Certes, les vrais raisons de cette manœuvre militaire de l’armée malienne n’ont pas été révélées toutefois, elle est intervenue à la veille de la célébration du « 11e anniversaire de la déclaration de l’indépendance de l’Azawad, proclamée le 6 avril 2012 » alors que certaines régions septentrionales du Mali étaient sous le contrôle des ex-rebelles qui ont été par la suite supplantés par les terroristes. C’est la raison pour laquelle certains ont pensé à une action pour dissuader la célébration de cette date dans certaines localités du pays. D’après plusieurs sources et images reçues, ces célébrations ont eu lieu dans certains endroits, même si ce n’est pas avec la ferveur d’antan.

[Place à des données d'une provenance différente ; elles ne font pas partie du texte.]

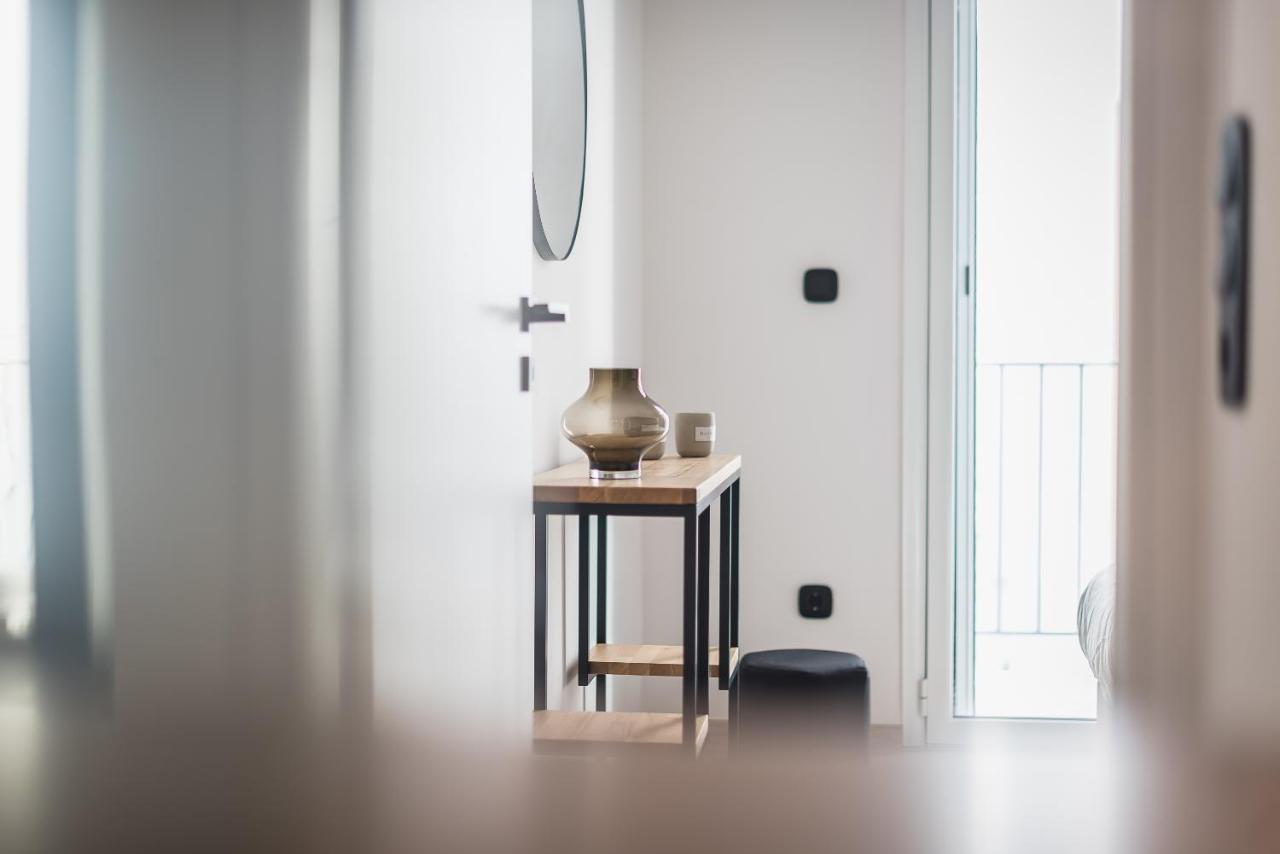 Petraki 1bdr With Balcony 1 Min From Ermou Str Appartement Athene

Aussi, cette manœuvre survient au moment où la mise en œuvre de l’Accord de paix signé en 2015 est quasiment à l’arrêt depuis plusieurs mois. D’ailleurs, on se souvient qu’en réaction à la décision, prise en décembre dernier par plusieurs mouvements signataires, de suspendre leur participation au sein des différents organes de l’Accord, le gouvernement avait suspendu les indemnités qui leur étaient accordées dans ce cadre depuis le début de l’année. A cette situation s’ajoutent aussi les déclarations récentes de certaines voix se disant proches des autorités actuelles demandant l’abandon de l’Accord et une action militaire pour libérer des localités du territoire encore sous le contrôle des ex-rebelles.
Des acquis à préserver
Pourtant, il existe encore des ressorts susceptibles de favoriser un retour à la table du dialogue. Le gouvernement actuel compte trois ministres (Sports, Commerce et Sécurité alimentaire) issus des rangs des ex-rebelles. C’est le même cas pour le Conseil National de Transition (CNT) organe législatif qui enregistre également la présence en son sein d’ex-rebelles. Ces derniers n’ont pas été concernés par la suspension des indemnités et autres restrictions imposées par les autorités maliennes. C’est même la première fois, depuis la signature de l’Accord en 2015, que des représentants officiellement désignés par des mouvements armés accèdent à ces fonctions. Sans compter le fait que dès leur arrivée, en août 2020, les autorités de la Transition ont affirmé « faire de l’Accord une priorité ». C’est la raison pour laquelle elles ont même pris l’engagement de « parachever la mise en œuvre des grands axes de cet Accord » avant la fin de cette période, prévue en mars 2024. Cependant, à cette allure, cet objectif sera difficile à atteindre.
Cependant, avec cette nouvelle escalade, il faut craindre une reprise des hostilités et la fin de toute initiative visant à relancer le processus de paix.